この発明は、エンジンルームの下方に車体前後方向に延びる左右一対のフロントサイドフレームを備えたような車体前部構造に関する。
従来、エンジンルームの下方に車体前後方向に延びる左右一対のフロントサイドフレームを備えた車体前部構造において、上記左右一対のフロントサイドフレームと、トンネル部の車外側上部とを略直線状に連結するブレースを設けた連結構造がある(特許文献1参照)。
上述のブレースの前部は上下2本のボルト等の固定手段を用いて、フロントサイドフレームに固定されており、ブレースの後部も上下2本のボルト等の固定手段を用いてトンネル部に固定されているため、次のような問題点があった。
すなわち、車両の衝突時においては衝突エネルギを吸収して衝突性能の向上を図ることが望まれており、特に、衝突後期にはフロントサイドフレームを車幅方向へ変形させて、衝突エネルギを吸収することが望まれるが、上記特許文献1に記載の構造では、フロントサイドフレームとトンネル部の車外側上部との間がブレースで強固に固定されている関係上、このブレースによりフロントサイドフレームの車幅方向への変形が阻害されるため、充分な衝突性能の向上を図ることができない問題点があった。
特開2004−230984号公報
そこで、この発明は、フロントサイドフレームに前部が結合され、後部がダッシュパネルとフロアパネルの結合部に形成されたトンネル部に結合される連結フレーム部材を設け、この連結フレーム部材が車幅方向に揺動可能となるようその後部を車体に結合することで、衝突初期においてはフロントサイドフレームに入力される衝突荷重をトンネル部で支持して、該フロントサイドフレームの軸圧縮を誘発することができると共に、衝突後期においてはフロントサイドフレームの車幅方向への変形を阻害しない構造と成して、衝突性能の向上を図ることができる車体前部構造の提供を目的とする。

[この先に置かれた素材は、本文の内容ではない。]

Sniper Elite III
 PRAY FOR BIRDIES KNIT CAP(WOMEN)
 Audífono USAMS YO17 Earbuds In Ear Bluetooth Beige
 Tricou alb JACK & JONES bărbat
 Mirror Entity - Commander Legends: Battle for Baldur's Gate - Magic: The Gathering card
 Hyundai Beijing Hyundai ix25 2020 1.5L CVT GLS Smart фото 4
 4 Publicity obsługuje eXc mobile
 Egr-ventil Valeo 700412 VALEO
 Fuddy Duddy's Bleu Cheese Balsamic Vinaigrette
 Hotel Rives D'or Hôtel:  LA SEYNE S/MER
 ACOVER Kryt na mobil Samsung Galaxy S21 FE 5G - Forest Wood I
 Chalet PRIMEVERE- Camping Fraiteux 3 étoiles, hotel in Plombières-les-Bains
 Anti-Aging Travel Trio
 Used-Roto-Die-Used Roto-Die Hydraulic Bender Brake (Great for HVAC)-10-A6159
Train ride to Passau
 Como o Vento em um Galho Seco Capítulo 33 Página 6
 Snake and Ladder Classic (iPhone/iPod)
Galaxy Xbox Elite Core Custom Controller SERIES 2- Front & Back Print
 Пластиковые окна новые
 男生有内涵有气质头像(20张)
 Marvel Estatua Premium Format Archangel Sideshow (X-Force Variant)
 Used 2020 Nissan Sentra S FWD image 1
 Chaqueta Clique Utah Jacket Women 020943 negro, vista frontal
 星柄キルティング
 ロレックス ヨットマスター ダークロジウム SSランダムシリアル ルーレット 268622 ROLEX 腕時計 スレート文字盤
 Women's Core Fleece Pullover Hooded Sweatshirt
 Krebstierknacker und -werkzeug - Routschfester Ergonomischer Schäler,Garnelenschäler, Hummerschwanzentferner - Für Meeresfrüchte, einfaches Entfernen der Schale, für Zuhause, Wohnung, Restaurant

この発明による車体前部構造は、エンジンルーム下方において車体前後方向に延設される左右一対のフロントサイドフレームが設けられた車体前部構造であって、上記フロントサイドフレームに前部が結合され、後部がダッシュパネルとフロアパネルの結合部に形成されたトンネル部に結合される連結フレーム部材を設けると共に、該連結フレーム部材が車幅方向に揺動可能となるようその後部を車体に結合したものである。
上記構成によれば、連結フレーム部材で、フロントサイドフレームとトンネル部との間を連結したので、衝突初期においては、フロントサイドフレームに入力される衝突荷重をトンネル部で支持することができて、フロントサイドフレームの軸圧縮を誘発し、衝突初期の衝突エネルギを良好に吸収することができる。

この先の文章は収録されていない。